More recently scientists have been making some progress on a variation of this technology called low-energy nuclear reaction. That has led investors like Tom Darden, CEO of the $2.2 billion Cherokee Investment Partners, to create a North Carolina startup named Industrial Heat, which licensed the technology of Italian scientist Andrea Rossi. Last year Bill Gates visited the cold-fusion facilities of the Italian national technology agency ENEA, but he has not invested, according to his office.
At this point no one knows which—if any—of these private-sector ventures will prevail, and achieving fusion won’t be easy. Says Glen Wurden, a team leader at the plasma physics group at Los Alamos National Laboratory: “To get funding, small companies have to promise the moon. There’s a long history where promises have been made and not kept. When you hear a private company say it will have a technology in five years, you roll your eyes.” Critics also say these startups are building on technology that was rejected decades ago by government labs or that still hasn’t been proved.
That may be so, but these entrepreneurs argue that improvements in computer technology just might make those older designs doable today. One prominent example of this trend is General Fusion, the company backed by Bezos. (Retired NASA astronaut Mark Kelly is one of the startup’s advisers, and in August the government of Malaysia led a new $22 million round of financing.) It is building on the concept of compressing fuel to heat it until it triggers a fusion reaction, an idea experimented with for years in large-scale government programs. At the Livermore lab, for example, lasers the length of football fields are being used to compress atoms into fusion.
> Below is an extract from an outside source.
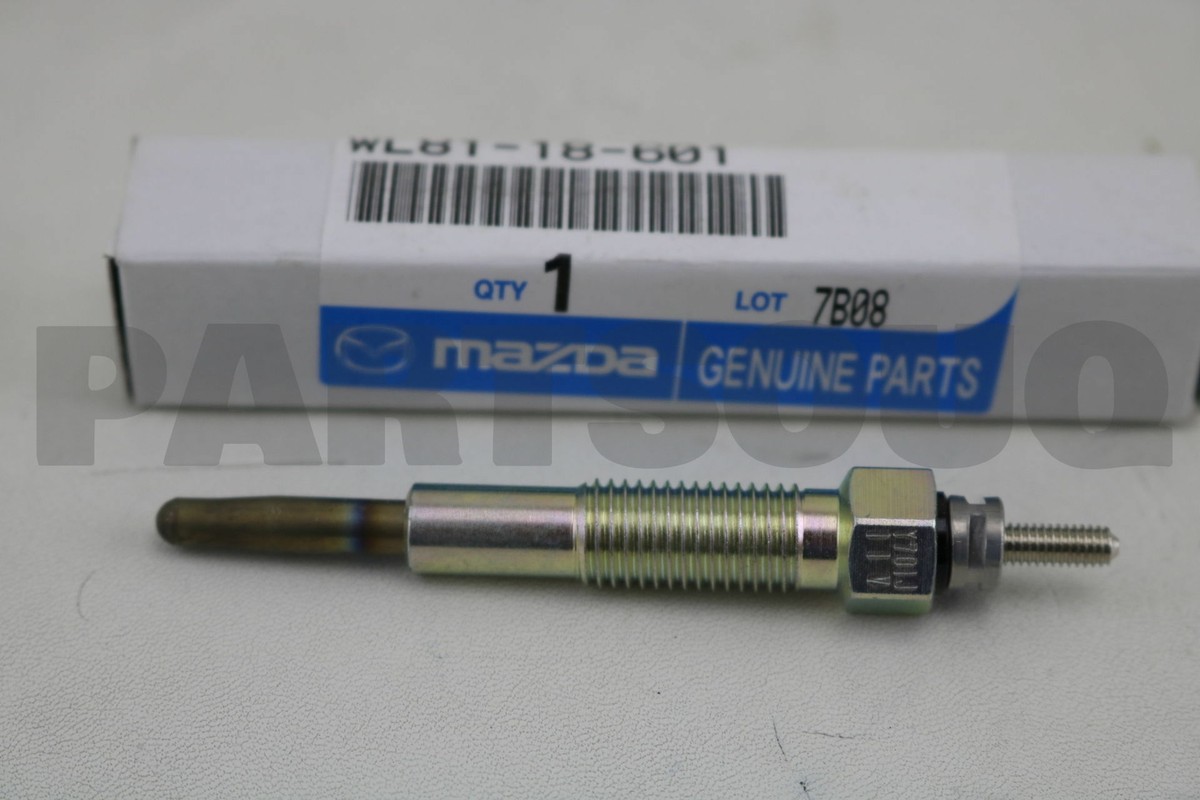 Bu Gi Sấy Ford Ranger OEM WL8118601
So far these expensive laser systems require more energy to operate than they produce. In 2002, Michel Laberge, a Canadian plasma physicist, had an idea. What if you replaced those expensive lasers with a hammer and anvil system that created a shock wave that would force the particles into a fusion reaction? Soon after, he founded General Fusion.
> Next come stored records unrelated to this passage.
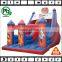Mickey Mouse Air Bonucy Slide Inflatable Games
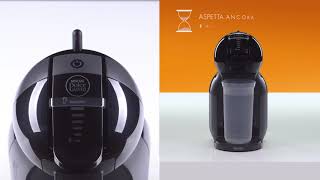 Come decalcificare la tua MINI ME NESCAFÉ® Dolce Gusto® [upl. by Yolane]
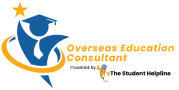 overseas education consultants logo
Hammers, too, had been tried before in government labs in the 1970s but failed. Now, thanks to advanced algorithms, modern electronics, and control systems, the hammers can hit the side of General Fusion’s sphere-shaped metal reactor precisely at the same time, creating a pressure wave that compresses the plasma into a fusion reaction at 100 million degrees centigrade. The heat is transferred into a swirling vortex of molten metal, which then gets captured by a steam generator.
General Fusion CEO Nathan Gilliland, who previously worked at Bain Capital, says his company has achieved the right speed and precision of hammers and has created stable, long-lived plasma. Now it’s working on fine-tuning the shock waves and compression so that the plasma generates more energy than it consumes. How long will that take before commercialization? Says a confident Gilliland: “We think in terms of years, not decades. We’ve demonstrated that our pathway is viable. It’s just a matter of engineering.”
The idea of entrepreneurs working in glorified garages trying to solve one of the most ambitious problems in physics sounds absurd on the surface. After all, governments have spent decades and billions without cracking fusion. Yet these startups have one thing going for them. Because they are working on a smaller scale they have a quicker learning cycle and, theoretically at least, could get to a solution faster and more cheaply.
There’s at least one relatively recent example the entrepreneurial set can cite: In the late 1980s the federal government said that mapping the first human genome was going to take 15 years and cost $3 billion. The private sector stepped in and did it much faster and more cheaply. There’s certainly no guarantee in this case that private industry will succeed where the government hasn’t. But after 50 years it certainly seems worth trying a different approach.